Darmkrebs-Früherkennung mittels Septin 9-Test aus dem Blut

Der Test detektiert den sog. Septin 9-Biomarker im Blutplasma, der ein Indikator für das Vorhandensein von Darmkrebs in allen Stadien, unabhängig von der Lokalität ist. Das Erbmaterial (=DNA) des Darmkrebses zeigt im Septin 9-Gen eine Veränderung, die in gesunden Zellen nicht gefunden wird: Septin 9 liegt im Darmkrebsgewebe methyliert vor. Da bereits in frühen Stadien der Krebsentstehung Tumor-DNA in die Blutbahn gelangt, kann mittels eines PCR-basierten Verfahrens DNA aus nur wenigen Tumorzellen über den Septin 9-Test im Blutplasma nachgewiesen werden. Der Septin 9-Test detektiert Darmkrebs mit einer Sensitivität von ca. 70% bei einer Spezifität von 90%. Das macht den Septin 9-Test sensitiver als die weitverbreiteten Guajak-basierten Nachweise von okkultem Blut im Stuhl.

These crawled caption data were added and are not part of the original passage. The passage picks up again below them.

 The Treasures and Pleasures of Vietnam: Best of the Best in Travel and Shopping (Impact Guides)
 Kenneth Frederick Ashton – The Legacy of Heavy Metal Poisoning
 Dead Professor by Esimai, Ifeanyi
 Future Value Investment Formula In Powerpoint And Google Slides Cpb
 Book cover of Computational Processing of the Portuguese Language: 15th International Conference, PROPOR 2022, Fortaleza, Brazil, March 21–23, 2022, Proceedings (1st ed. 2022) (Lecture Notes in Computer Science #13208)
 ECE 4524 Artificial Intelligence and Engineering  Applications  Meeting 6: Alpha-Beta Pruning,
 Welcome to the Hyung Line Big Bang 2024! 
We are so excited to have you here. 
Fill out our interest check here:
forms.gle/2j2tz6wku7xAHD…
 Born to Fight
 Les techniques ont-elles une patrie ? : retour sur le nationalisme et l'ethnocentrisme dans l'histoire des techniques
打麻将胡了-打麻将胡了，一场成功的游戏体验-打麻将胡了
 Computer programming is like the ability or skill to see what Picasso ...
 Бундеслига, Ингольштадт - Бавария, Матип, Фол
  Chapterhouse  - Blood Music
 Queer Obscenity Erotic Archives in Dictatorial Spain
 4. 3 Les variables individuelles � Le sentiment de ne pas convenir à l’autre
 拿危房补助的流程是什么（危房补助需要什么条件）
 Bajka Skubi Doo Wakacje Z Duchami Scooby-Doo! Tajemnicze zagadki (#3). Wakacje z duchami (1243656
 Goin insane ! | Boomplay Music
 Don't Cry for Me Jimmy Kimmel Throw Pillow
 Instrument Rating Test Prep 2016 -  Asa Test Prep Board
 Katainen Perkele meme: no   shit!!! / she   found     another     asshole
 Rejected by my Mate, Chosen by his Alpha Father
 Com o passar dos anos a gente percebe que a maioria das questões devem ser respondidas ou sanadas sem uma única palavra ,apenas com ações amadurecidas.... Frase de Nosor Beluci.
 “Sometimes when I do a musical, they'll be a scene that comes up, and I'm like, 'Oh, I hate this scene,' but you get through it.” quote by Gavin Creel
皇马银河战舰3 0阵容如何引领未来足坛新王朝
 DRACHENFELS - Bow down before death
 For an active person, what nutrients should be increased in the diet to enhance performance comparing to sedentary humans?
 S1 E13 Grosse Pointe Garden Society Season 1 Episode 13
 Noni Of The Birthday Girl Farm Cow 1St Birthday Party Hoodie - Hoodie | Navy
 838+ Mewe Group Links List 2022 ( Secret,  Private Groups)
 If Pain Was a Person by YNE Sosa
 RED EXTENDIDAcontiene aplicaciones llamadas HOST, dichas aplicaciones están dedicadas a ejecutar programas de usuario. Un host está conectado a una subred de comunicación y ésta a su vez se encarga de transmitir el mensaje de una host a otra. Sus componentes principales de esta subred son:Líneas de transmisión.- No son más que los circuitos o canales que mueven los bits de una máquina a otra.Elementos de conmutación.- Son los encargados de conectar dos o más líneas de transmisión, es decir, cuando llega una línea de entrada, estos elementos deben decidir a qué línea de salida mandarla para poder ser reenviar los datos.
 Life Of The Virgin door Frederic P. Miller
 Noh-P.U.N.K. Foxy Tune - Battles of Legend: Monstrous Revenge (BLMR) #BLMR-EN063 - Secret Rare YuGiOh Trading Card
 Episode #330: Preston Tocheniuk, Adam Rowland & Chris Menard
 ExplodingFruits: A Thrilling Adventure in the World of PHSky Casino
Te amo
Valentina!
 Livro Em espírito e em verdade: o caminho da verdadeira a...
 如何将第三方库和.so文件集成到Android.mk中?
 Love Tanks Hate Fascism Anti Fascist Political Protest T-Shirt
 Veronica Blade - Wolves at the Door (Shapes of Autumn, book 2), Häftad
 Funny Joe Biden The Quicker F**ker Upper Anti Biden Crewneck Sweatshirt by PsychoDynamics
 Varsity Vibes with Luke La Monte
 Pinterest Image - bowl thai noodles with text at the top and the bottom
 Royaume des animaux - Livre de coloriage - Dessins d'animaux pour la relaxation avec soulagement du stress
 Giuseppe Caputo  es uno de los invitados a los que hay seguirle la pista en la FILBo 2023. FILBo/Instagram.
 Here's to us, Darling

Der Test stellt eine bequeme Alternative zu anderen nicht-invasiven Verfahren wie z.B. dem Test auf okkultes Blut im Stuhl dar. Für den Patienten ist die Untersuchung sehr komfortabel und bedarf keiner besonderen Vorbereitung. Die Entnahme einer Blutprobe ist ausreichend, um den Septin 9-Biomarker im Blutplasma nachzuweisen. Patienten mit einem positiven Testergebnis sollten sich zur weiteren diagnostischen Abklärung einer Koloskopie unterziehen.

Laut Hersteller dieses Testes gilt:
In Verbindung mit der Prävalenz von Darmkrebs kann sich der Heilpraktiker oder Arzt, der einem Patienten einen negativen Befund aus dem Septin9-Test mitteilt, in 99,7 % der Fälle sicher sein, dass kein Darmkrebs vorliegt.

Epigenomics

Momentan wird der Septin 9-Test nur für Selbstzahler angeboten.